Grace and love had finally come. In truth, the whole earth was and always had been the Realm of Mystics.

  The kingdom of heaven had always been here, as Yeshua had claimed. We were just finally seeing it in its fullness.

  I watched as Ba’al stared at his hands in stunned wonder. Then fell to his knees and wept, arms raised to the heavens.

  It was the end of one age and the beginning of another. The lion was yielding to the lamb in the hearts of all mankind. Conflict had surrendered to peace. Guilt had been washed by innocence.

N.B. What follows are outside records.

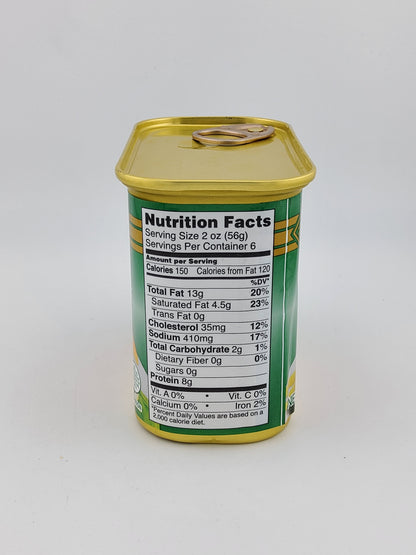 Fortune Luncheon Meat Green 340 g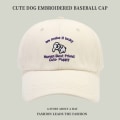 Miniatyrbilde 5 av 10: Baseballhatter Bomull KHAKI khaki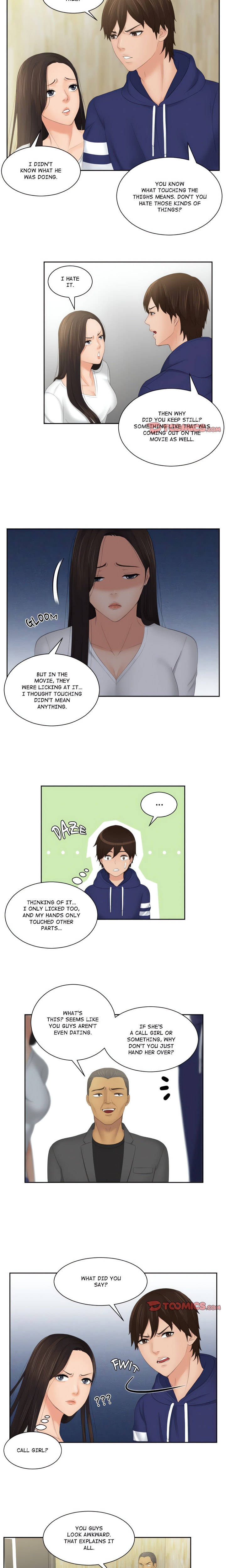 My Love Companion - Chapter 11 [photo 7] - MangaPorn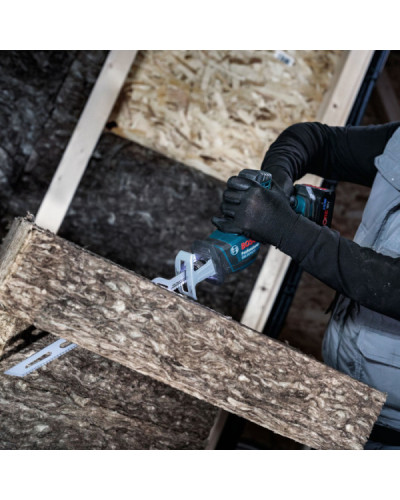 PRO Шабельні пилки S 2013 AWP Precision for Fiber Insulation, 15x45x400 мм - фото 6 PRO Шабельні пилки S 2013 AWP Precision for Fiber Insulation, 15x45x400 мм - фото 6
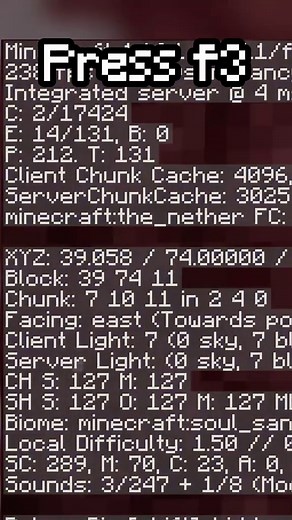 Find Bastions in Minecraft Quickly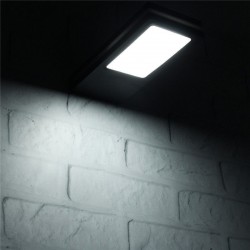 144 LED - solar powered outdoor light with motion sensor - waterproofSolar lighting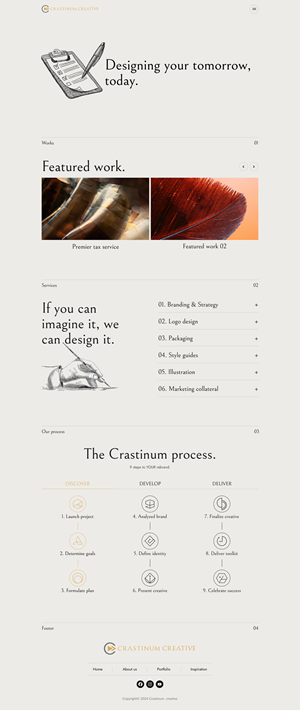 Web Design by Double d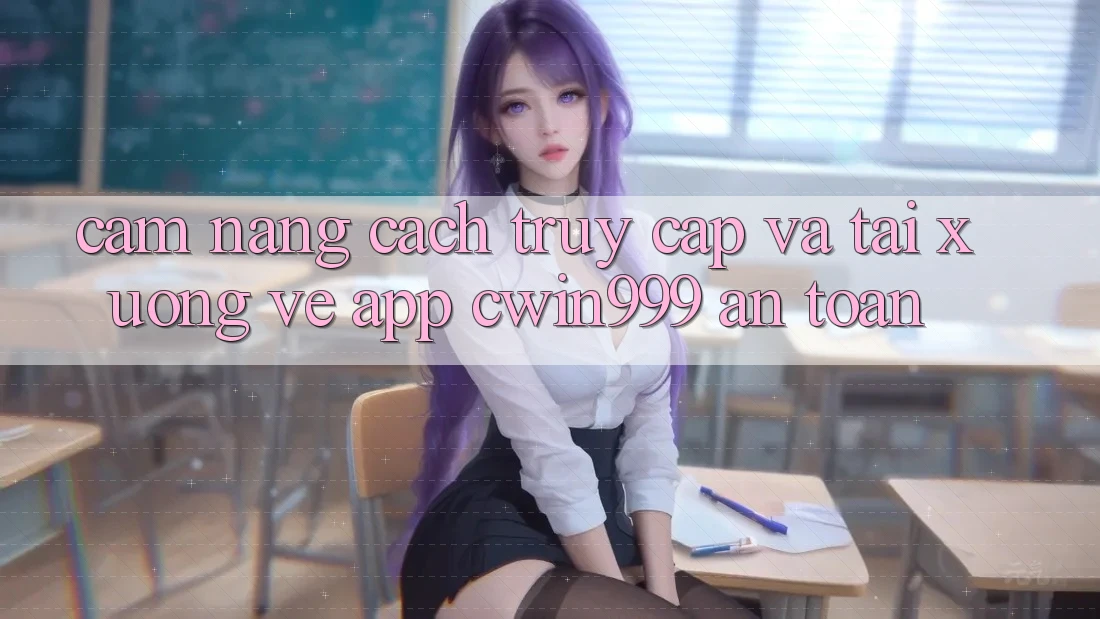Cẩm nang Cách Truy Cập Và Tải xuống về App Cwin999 An Toàn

  Jacob stumbled forward and then was running toward Qurong.

  “Father!”

  Qurong spun back, dazed. His eyes shone bright and his skin sparkled in the glow of the light, which was still flowing up the cliffs and spreading beyond. He saw Jacob and ran.

  They met halfway, throwing themselves into an embrace. Qurong slumped to his knees, weeping, clinging to his son’s waist as if Jacob was his own life. They were tears of joy and love, not regret. The same tears that moistened my own eyes.

  Water splashed behind me and I turned to the lake. It was water once more—the light was streaking up along the cliffs from below the Realm, leaving the pool shimmering and green.

  From the pool rose Thomas, carrying a woman. Chelise, I thought. This was Jacob’s sister! She’d been in the Realm and been killed, but now Thomas brought her back. Which meant Thomas had gone to the pond by the cabin and come back through, leaving me there to speak to the world.

  The me who had the Fifth Seal both here and there.

  As soon as Thomas set Chelise down she caught sight of Jacob, her brother, and Qurong, her father, and was running for them. But first she pulled up, hurried to me, grabbed my hand, and kissed my knuckles.

  “Thank you!”

  “No, I wasn’t—”

  “Thank you, thank you.” She kissed my cheeks. “Thank you.”

  “It wasn’t me,” I said. “It was Justin and . . .”

  But she was already running for her brother and father again.